Hangisini tercih ediyorsun?
Foto: tomscheffler.com
10 yorum:
Süslenmenin en kötüsü kendi kendinden kaçmak için yapılıyor olanıdır. Başkalarından belki saklayabilirsiniz, ama kendinizden neyi nasıl saklayabilirsiniz.
Senin de dediğin gibi yine de bu iş cesaret işi. :)
süsleniyorum ama sadece sevdiğimden. maskelemiyorum kendimi. ben sayılmam değil mi :)
Kerim, biz cesur olalım da :))
Karakutu: Kendini sevip, süslenenler de olamaz mı? Tüh bak yazıyı yazarken bir yandan genelleme yapmış oluyorum diye düşünüyordum.

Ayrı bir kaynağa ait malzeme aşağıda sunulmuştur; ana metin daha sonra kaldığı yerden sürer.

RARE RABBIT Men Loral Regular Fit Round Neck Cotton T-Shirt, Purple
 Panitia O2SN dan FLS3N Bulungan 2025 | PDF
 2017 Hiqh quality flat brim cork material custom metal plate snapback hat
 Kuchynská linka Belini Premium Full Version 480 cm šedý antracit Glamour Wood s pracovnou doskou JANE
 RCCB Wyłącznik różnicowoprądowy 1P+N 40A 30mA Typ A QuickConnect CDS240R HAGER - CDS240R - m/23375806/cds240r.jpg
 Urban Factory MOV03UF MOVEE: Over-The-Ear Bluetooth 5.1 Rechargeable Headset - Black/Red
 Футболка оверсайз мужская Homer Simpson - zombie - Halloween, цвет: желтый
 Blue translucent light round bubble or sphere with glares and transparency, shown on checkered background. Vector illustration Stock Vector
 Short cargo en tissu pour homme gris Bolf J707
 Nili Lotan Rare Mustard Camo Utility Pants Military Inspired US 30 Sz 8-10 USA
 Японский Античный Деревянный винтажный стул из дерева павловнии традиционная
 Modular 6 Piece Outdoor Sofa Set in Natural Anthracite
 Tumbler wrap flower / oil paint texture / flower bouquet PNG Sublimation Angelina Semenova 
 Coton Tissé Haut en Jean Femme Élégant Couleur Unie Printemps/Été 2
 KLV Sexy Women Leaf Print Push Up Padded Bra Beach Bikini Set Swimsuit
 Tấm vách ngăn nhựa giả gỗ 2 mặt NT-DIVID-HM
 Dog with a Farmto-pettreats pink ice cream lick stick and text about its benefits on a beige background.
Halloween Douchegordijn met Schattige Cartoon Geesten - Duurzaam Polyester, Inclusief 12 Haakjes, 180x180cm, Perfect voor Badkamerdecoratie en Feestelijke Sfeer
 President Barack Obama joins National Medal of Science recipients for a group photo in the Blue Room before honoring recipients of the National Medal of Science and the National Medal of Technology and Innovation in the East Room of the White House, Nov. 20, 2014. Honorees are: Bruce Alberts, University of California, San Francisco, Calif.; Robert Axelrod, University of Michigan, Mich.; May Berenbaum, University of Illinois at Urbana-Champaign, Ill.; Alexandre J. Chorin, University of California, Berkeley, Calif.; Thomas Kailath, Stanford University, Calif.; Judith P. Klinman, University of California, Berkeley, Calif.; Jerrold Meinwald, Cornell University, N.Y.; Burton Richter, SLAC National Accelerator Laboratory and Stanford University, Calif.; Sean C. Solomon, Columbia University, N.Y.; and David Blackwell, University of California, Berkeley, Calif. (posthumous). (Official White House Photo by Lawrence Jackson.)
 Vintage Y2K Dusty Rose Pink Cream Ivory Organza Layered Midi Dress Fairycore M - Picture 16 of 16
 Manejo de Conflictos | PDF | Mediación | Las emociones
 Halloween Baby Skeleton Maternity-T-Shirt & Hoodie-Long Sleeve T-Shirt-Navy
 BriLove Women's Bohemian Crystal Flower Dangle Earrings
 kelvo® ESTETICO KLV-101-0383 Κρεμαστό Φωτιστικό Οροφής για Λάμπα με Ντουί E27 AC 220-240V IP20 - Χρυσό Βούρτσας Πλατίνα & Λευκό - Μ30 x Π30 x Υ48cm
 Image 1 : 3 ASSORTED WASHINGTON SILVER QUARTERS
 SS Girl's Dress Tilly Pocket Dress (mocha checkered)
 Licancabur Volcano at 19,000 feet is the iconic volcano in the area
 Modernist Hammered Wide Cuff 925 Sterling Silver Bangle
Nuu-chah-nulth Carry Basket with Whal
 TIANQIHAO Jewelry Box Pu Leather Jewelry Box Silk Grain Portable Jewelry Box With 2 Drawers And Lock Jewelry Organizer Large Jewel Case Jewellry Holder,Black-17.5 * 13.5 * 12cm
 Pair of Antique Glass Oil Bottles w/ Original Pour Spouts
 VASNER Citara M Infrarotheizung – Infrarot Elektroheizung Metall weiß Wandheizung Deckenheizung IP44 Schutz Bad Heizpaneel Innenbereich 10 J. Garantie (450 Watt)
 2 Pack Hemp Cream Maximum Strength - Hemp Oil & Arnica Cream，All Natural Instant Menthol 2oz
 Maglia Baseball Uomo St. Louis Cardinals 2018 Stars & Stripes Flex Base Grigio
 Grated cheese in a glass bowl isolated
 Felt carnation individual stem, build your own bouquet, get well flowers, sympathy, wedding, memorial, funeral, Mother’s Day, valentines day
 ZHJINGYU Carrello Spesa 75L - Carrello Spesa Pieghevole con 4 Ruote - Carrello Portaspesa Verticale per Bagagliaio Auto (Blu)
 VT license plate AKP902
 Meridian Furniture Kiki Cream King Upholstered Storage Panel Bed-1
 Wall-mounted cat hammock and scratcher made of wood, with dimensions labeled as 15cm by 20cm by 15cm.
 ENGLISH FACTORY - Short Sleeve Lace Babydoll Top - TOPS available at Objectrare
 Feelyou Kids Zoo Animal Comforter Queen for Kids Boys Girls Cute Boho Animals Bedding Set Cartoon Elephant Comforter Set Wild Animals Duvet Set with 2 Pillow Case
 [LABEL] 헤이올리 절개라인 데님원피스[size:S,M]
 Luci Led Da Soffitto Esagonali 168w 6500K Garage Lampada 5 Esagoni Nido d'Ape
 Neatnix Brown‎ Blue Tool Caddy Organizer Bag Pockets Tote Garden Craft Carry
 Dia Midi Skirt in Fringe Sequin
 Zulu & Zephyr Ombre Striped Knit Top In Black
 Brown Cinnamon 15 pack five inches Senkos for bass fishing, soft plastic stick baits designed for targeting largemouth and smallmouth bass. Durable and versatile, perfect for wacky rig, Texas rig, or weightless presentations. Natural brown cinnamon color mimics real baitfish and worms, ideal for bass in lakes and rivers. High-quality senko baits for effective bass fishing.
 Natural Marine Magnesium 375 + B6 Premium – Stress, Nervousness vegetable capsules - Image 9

Bak aslında kendini sevip, süsleyenleri ayırmam lazımdı. Neyse yorumun sayesinde genelleme endişeme çözüm bulmuş oldum. Sen de bu durumda sayılmıyorsun tabii ki :))
Bende sadece kendim için süslenirim. :) Ruh halime göre de giyinirim, genelde belli olan bir tazrım olsa da kim ne der diye takmam, kendimle barışığımdır yani. :)) O yüzden de maske takmama gerek yok. Bende hep kendimden bahsettim yahu.:)) Sevgiler...
Ben sormuştum, sen de cevaplamışsın. Sağol cevapladığın için :)
Biliyo musun, bence 2 boyutlu bir durus diil bu...Degismeye calismanin cesaret istedigi gorusune sonuna kadar katiliyorum...ama bazen de senin deyiminle fiziksel ya da ruhsal "suslenmek" nasil bir surecte gerceklesiyor biliyor musun? Birseyleri gizlemek ya da kuyrugu dik tutmak adina taktigin bir nese/keyif/umarsizlik maskesine kendin de kapilip inaniyor ve iyi hissetmeye baslayabiliyorsun...Yani savunma mekanizmani icsellestirip olumsuz duyguyu kapi disari edebiliyorsun...her zaman diil tabii..ama bazen, ise yariyor :)
Ya evet Eliza, bu da doğru işte. Kesinlikle bu iki boyutlu değil.
Yazarken birşeyler eksik gibi geldi aslında.
Konu süslenirken neyi süslediğinin ya da ne amaçla süslediğinin farkında mısın meselesi sanırım.
kadınların aynaya baktığı anda beyindeki ismini hatırlamıyorum makyaj yapması yada kendine bakması için bir hormon salgılıyormuş..kadınlar oyuzden süse düşkün oluyorlar...
ve bende kendimle barışık canlı neşeli bir insan olaraktan bezen çok hafif makyaj yapıyorum maskelemek adına değil de o hormondan kaynaklanan bir durum sanırım:)
Ne amacla suslenmek, kimlerin maskesini neden taktigini az bucuk gorebilmek..aynen :)
Senden ilham aldim, benzeri bir tebdil- i zaman yazisini ben de bugun masal olarak yazdim..
Paşa: İşin bir de hormon yanı var yani, ohoo biz bu işin içinden çıkamayız :))
Eliza:Masalına bayıldım, yorumumu yazıyorum hemen.